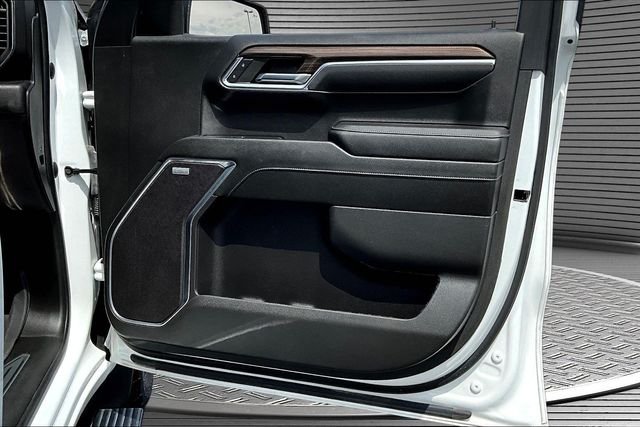 Used 2024 White Chevrolet RST image 29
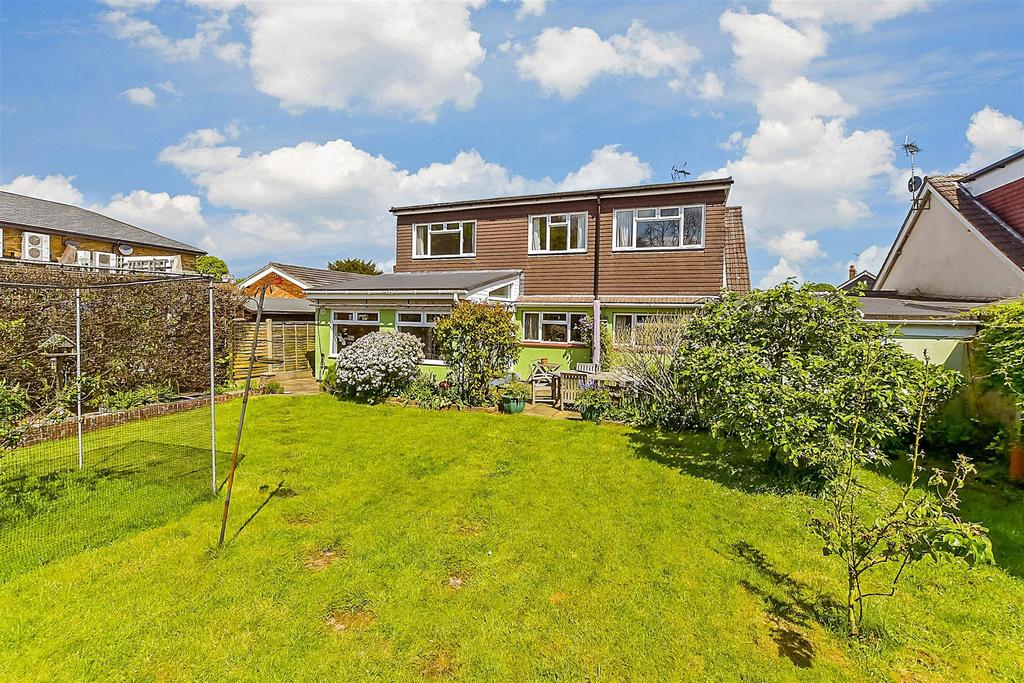 Whitepost Lane, Culverstone, Meopham... 5 bed chalet for sale £600,000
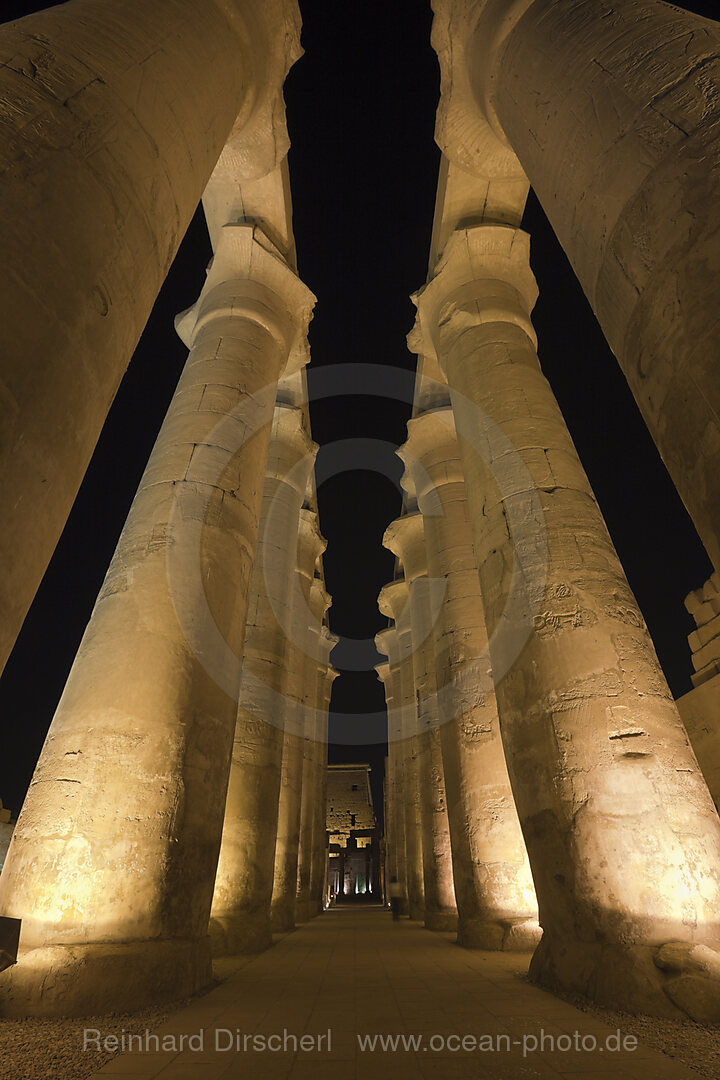 Beleuchteter Saeulenhof von Luxor-Tempel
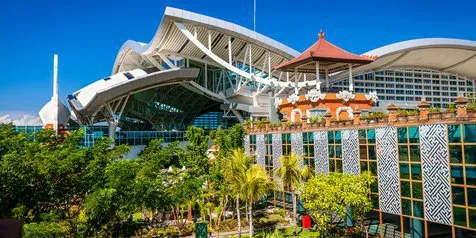Jadi Tujuan Favorit Traveling, 5 Tempat Ini Punya Bandara Terbesar di Indonesia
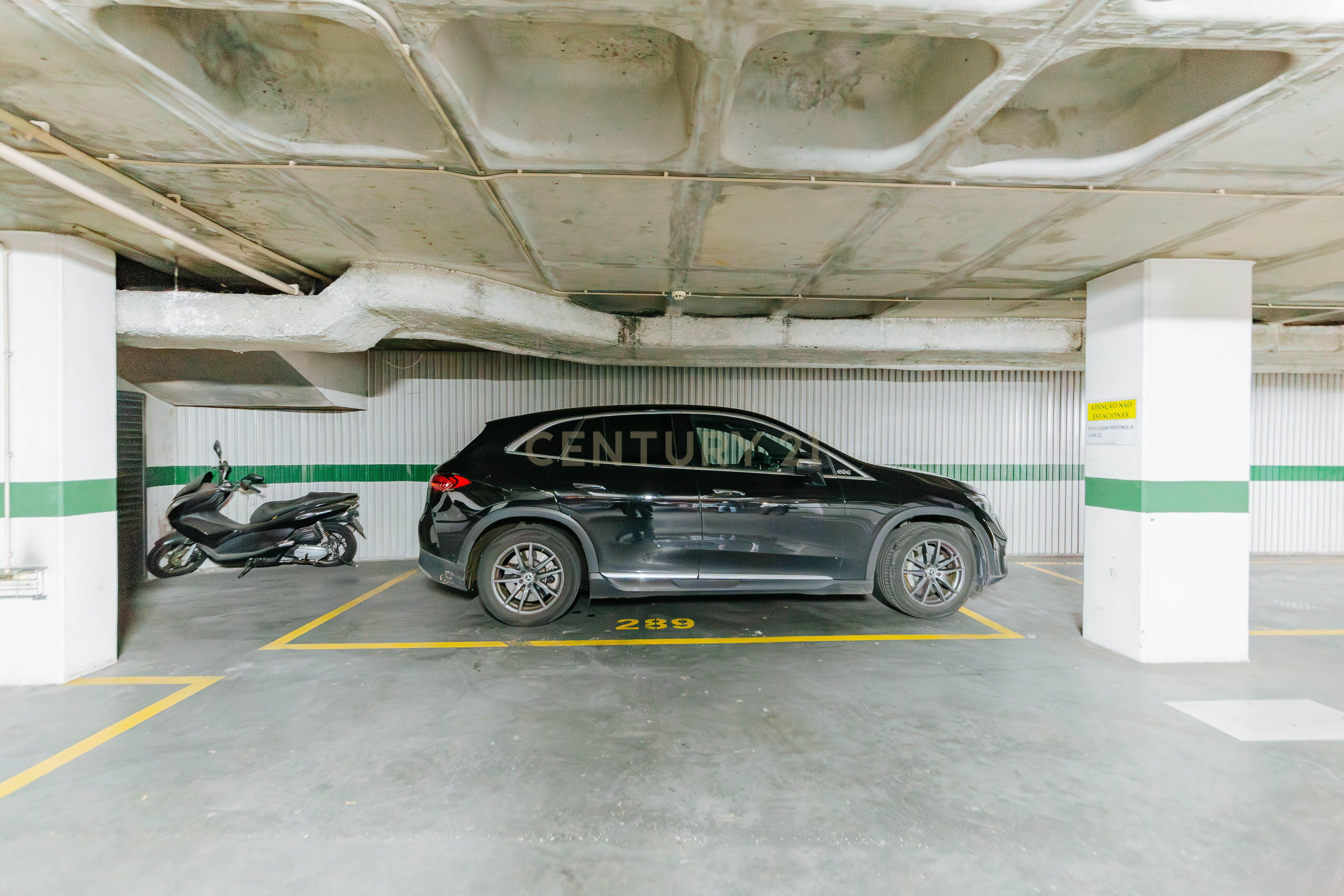 Fotografia 12 de LOJA - Galeria Comercial Benfica com estacionamento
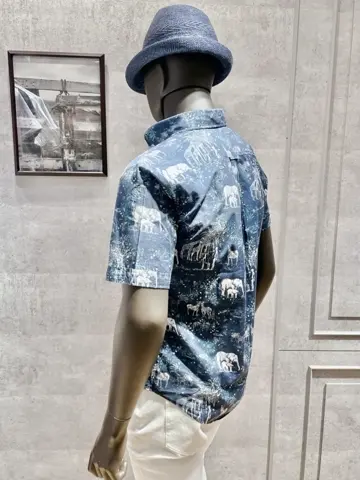 JOSEPH ABBOUD 二澤 コーディネート画像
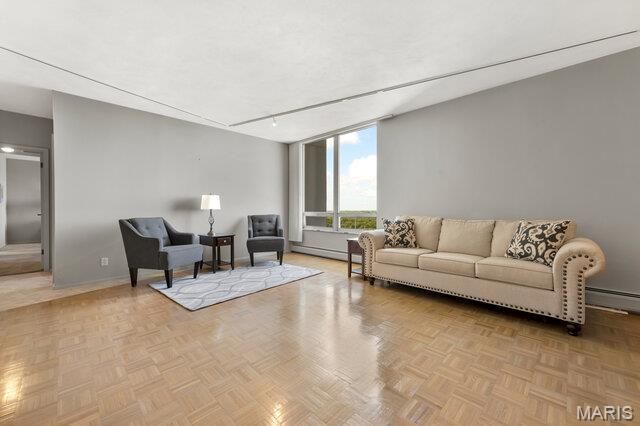 200 S Brentwood Boulevard S 14C, Clayton, MO 63105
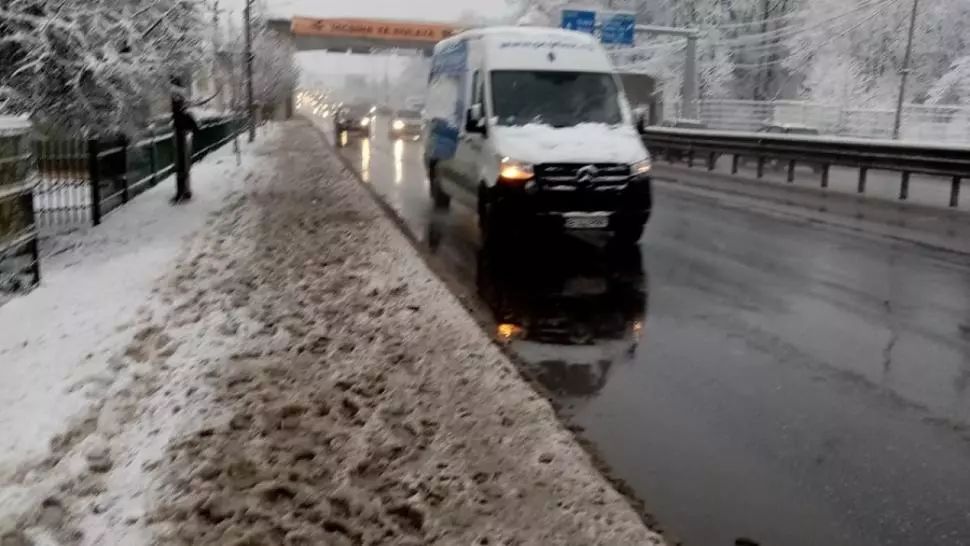 Weekend cu ploi, polei și intensificări ale vântului (sursă foto: Emanuel Focsan)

• Problem description
Would you print the whole listing exactly, omitting the pictures?

• Output below
 Used 2024 White Chevrolet RST image 29
 Whitepost Lane, Culverstone, Meopham... 5 bed chalet for sale £600,000
 Beleuchteter Saeulenhof von Luxor-Tempel
Jadi Tujuan Favorit Traveling, 5 Tempat Ini Punya Bandara Terbesar di Indonesia
 Fotografia 12 de LOJA - Galeria Comercial Benfica com estacionamento
 JOSEPH ABBOUD 二澤 コーディネート画像
 200 S Brentwood Boulevard S 14C, Clayton, MO 63105
 Weekend cu ploi, polei și intensificări ale vântului (sursă foto: Emanuel Focsan)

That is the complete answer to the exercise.